→ What is needed: Could you give the data that follows again exactly, without its pictures?

★ ★ ★ ★

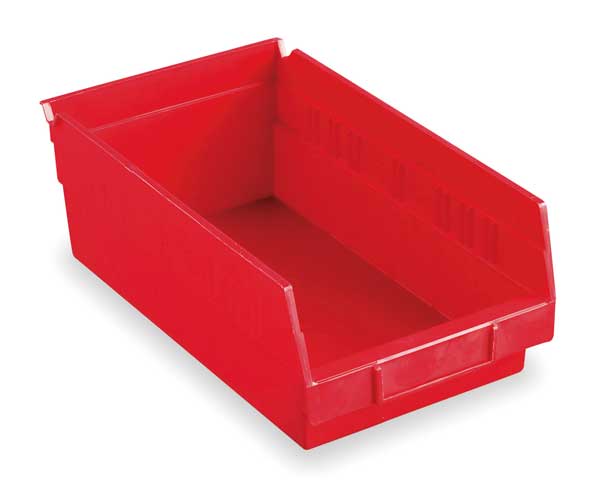 Akro-Mils 15 lb Shelf Storage Bin, Plastic, 6 5/8 in W, 4 in H, Red, 11 5/8 in L 30130RED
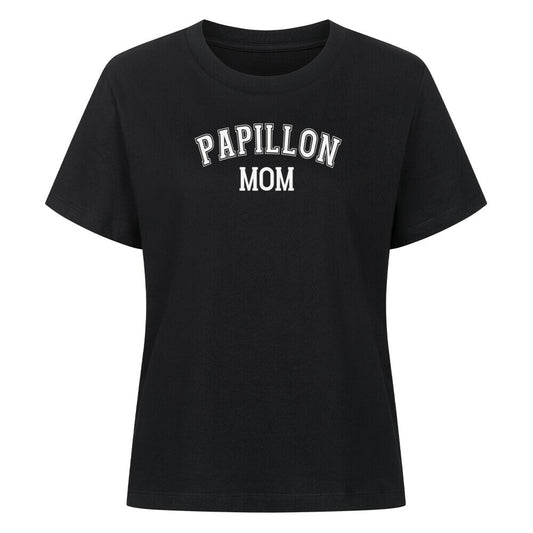 Premium Damen-Shirt "Papillon - MOM" Schwarz – hunde-shirt.de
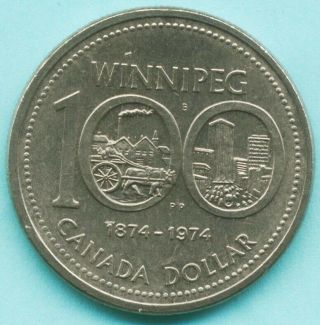 40 - 1874 - 1974 Winnipeg Centennial One Dollar Coins - Queen Elizabeth Ii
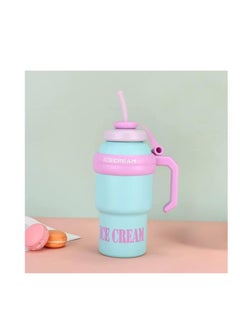 1000ml Large Stainless Steel Vacuum Water Bottle, Insulated Coffee Mug with Handle and Straw, Double Wall Cup for Hot and Cold Drinks, Outdoor Thermos, Leak Proof (Light Blue)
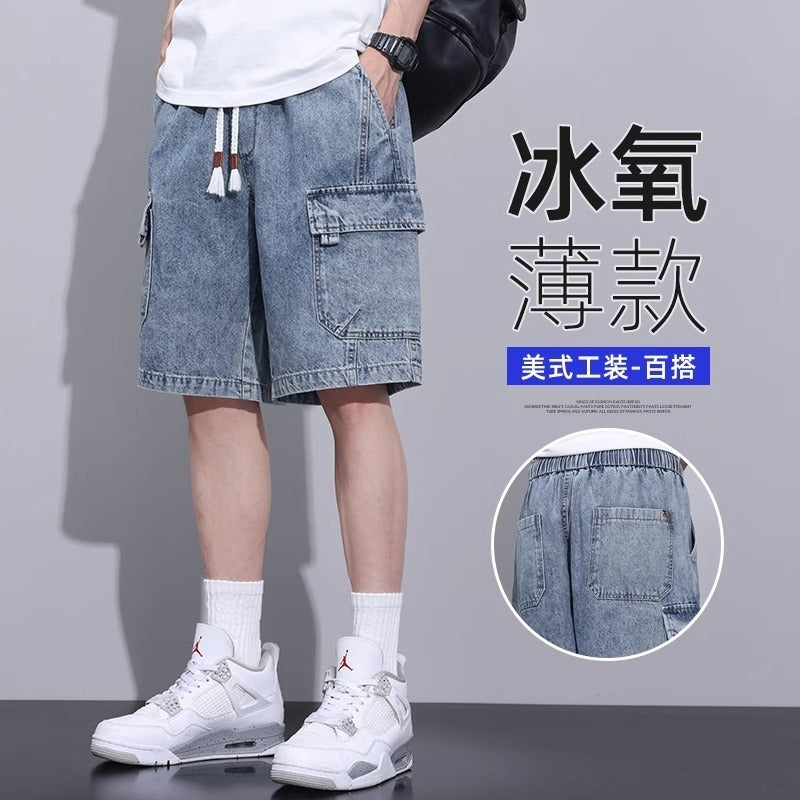 Men's Retro Loose Fit Cargo Denim Shorts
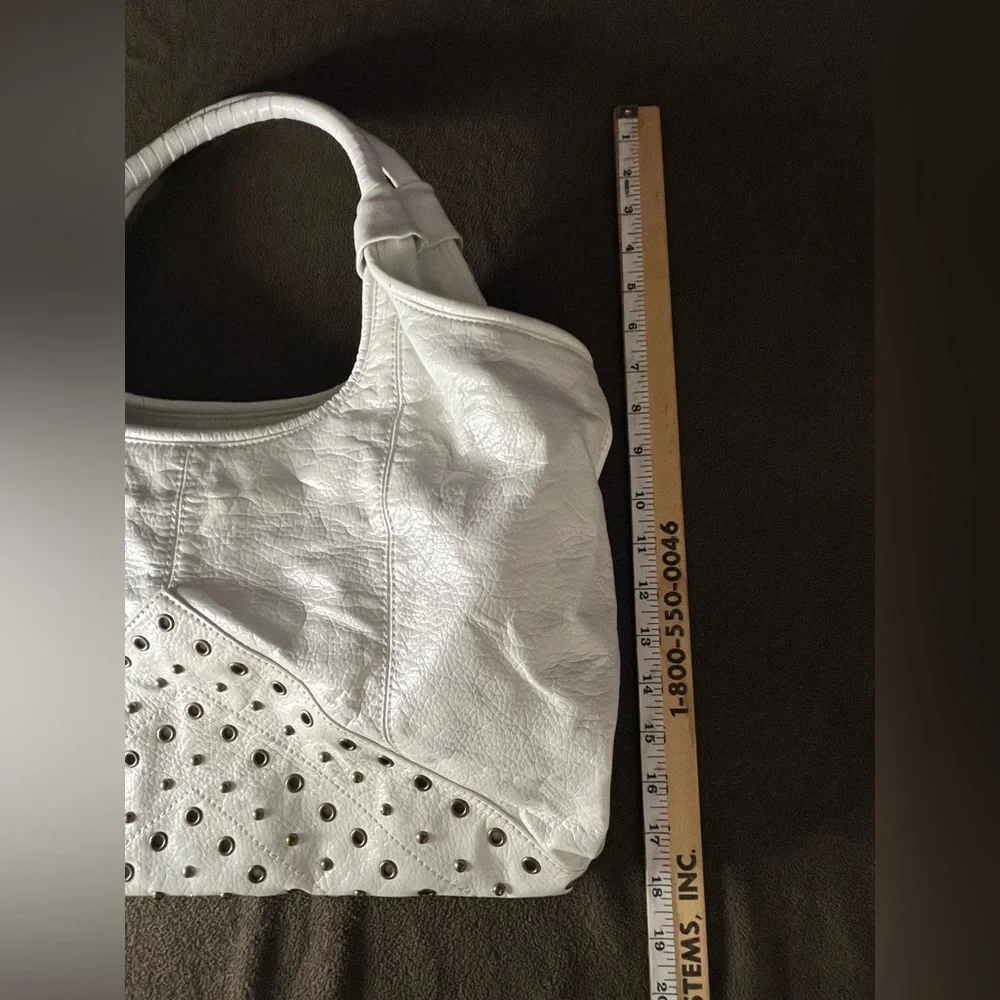 D&G Dolce & Gabbana White Studded Shoulder Bag Hobo Purse Y2K - Picture 7 of 7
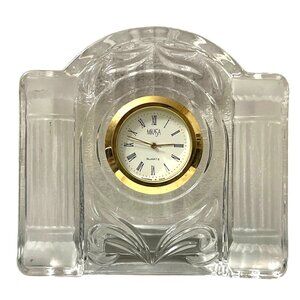 Vintage Mikasa Cotillion Frost Crystal Quartz Mantel Clock Gold Accents Art Deco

★ ★ ★ ★

→ Expected answer:
 Akro-Mils 15 lb Shelf Storage Bin, Plastic, 6 5/8 in W, 4 in H, Red, 11 5/8 in L 30130RED
 Premium Damen-Shirt "Papillon - MOM" Schwarz – hunde-shirt.de
 40 - 1874 - 1974 Winnipeg Centennial One Dollar Coins - Queen Elizabeth Ii
 1000ml Large Stainless Steel Vacuum Water Bottle, Insulated Coffee Mug with Handle and Straw, Double Wall Cup for Hot and Cold Drinks, Outdoor Thermos, Leak Proof (Light Blue)
 Men's Retro Loose Fit Cargo Denim Shorts
 D&G Dolce & Gabbana White Studded Shoulder Bag Hobo Purse Y2K - Picture 7 of 7
 Vintage Mikasa Cotillion Frost Crystal Quartz Mantel Clock Gold Accents Art Deco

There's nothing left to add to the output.